Workaround: GUI issue, no functional impact.
#3570: When using the Create Cloud Extension wizard, using illegal http proxy address does not generate a warning message.
Workaround: Delete the CE and then create the CE with a valid http proxy address.
#3142: In rare cases, creating a CE instance may fail; The system restarts the process to recreate the CE instance and fails due to missing instance tags.
Workaround: Manually terminate the CE instance via the AWS console and run Repair CE.
#3133: Run on-premises operation succeeded but the status is marked as failed with error “Failed to consolidate snapshots”

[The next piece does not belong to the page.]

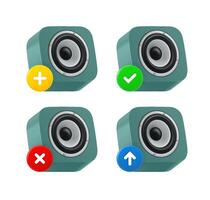 Sound cabinet icon set with different pictograms. 3d vector icons set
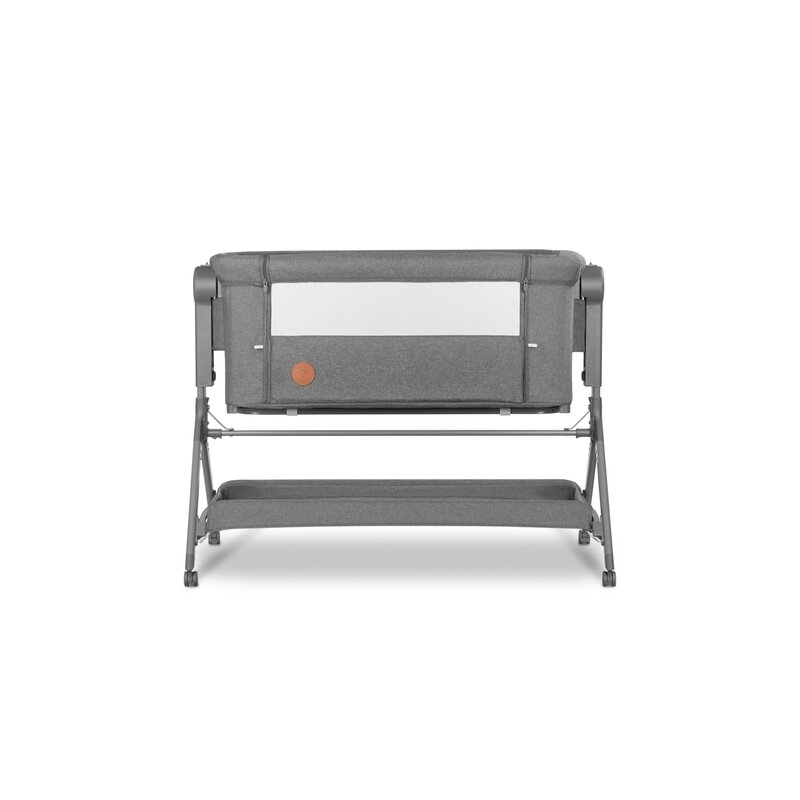 Lionelo - Patut co-sleeper Leonie Plus, Pliabil, Cu sistem de leganare, Cu setare unghiulara, Reglabil in 6 pozitii pe inaltime, Conform cu standardele europeane de securitate EN1130 si EN16890, Gri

Workaround: Consolidate snapshots via vCenter, and clear the error manually.
#5706: In rare case canceling a task may take time to complete.
Workaround: This is by design due to uninterruptable processes; and canceling tasks may take a while to complete.
#5547: PowerShell client for cloud to cloud Runbook reports errors when running on PS 3.0.
Workaround: Upgrade to Powershell 4.0.
#5425: When logging to runbook first, login to system web page may fail.
Workaround: Log in to system web page using a different browser.
#5299: Vcenter portlet may not show Public IP address for VM that is in Azure cloud.
Note: When adding a public IP address to an Azure Instance after the Run In Cloud operation the Vcenter is not updated.